Given data |
=== Section Start ===

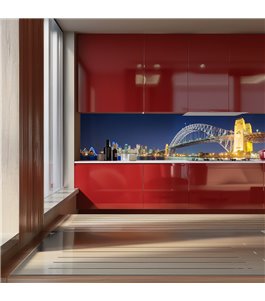 Glas Küchenrückwand 6 mm ESG Motive KRWM-0877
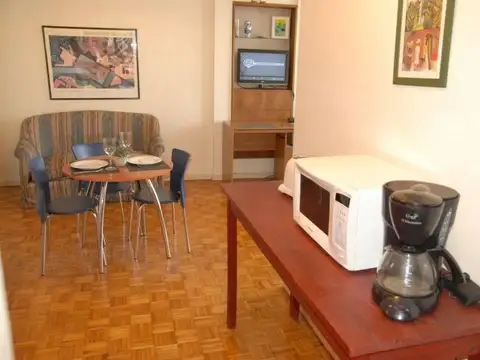 Departamento en Alquiler Temporal de 1 ambiente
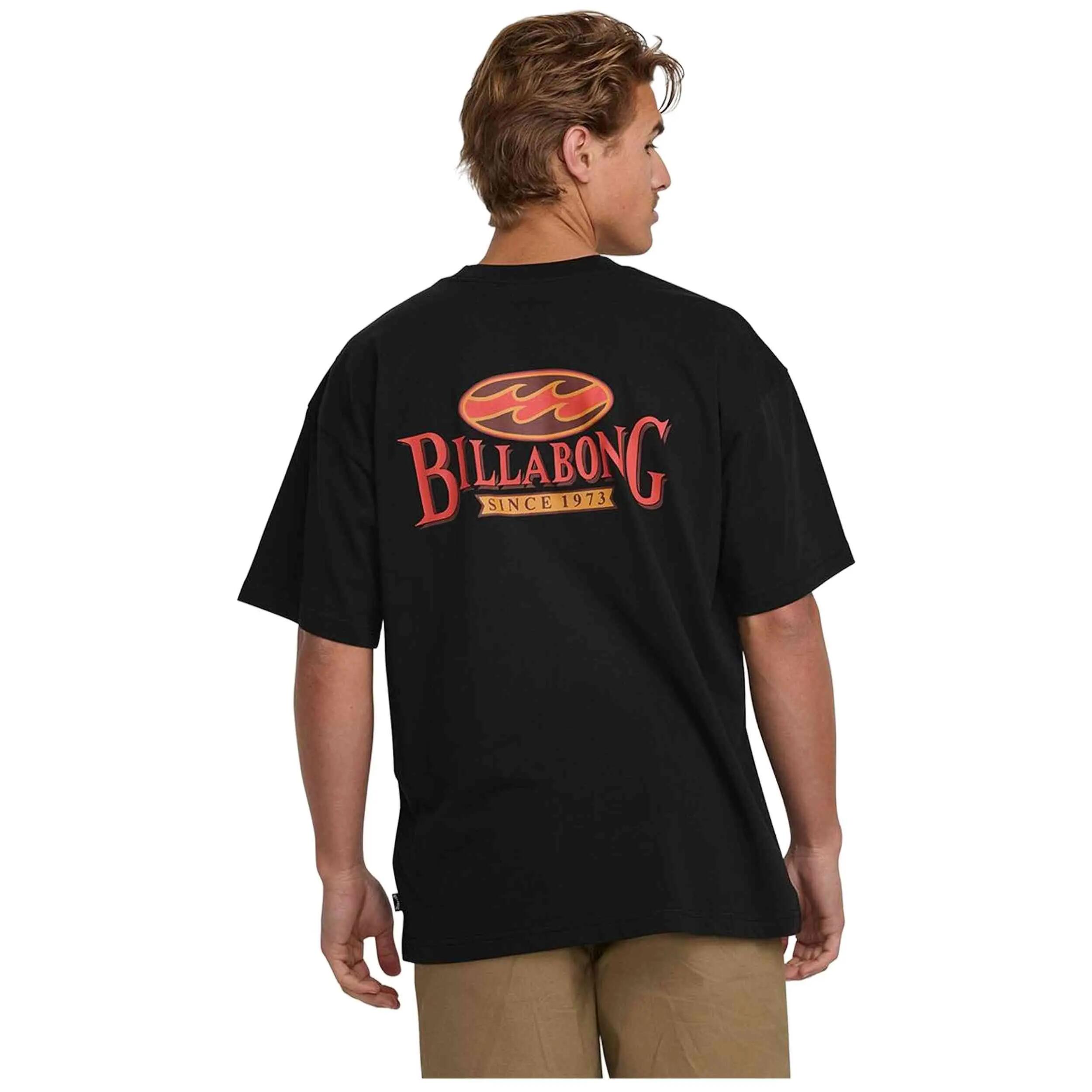 T-shirt Billabong modèle Double Spread OG pour homme 5/5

=== Section End ===

What the exercise asks | Retype each line above exactly and leave out any picture.

Written answer |
 Glas Küchenrückwand 6 mm ESG Motive KRWM-0877
 Departamento en Alquiler Temporal de 1 ambiente
 T-shirt Billabong modèle Double Spread OG pour homme 5/5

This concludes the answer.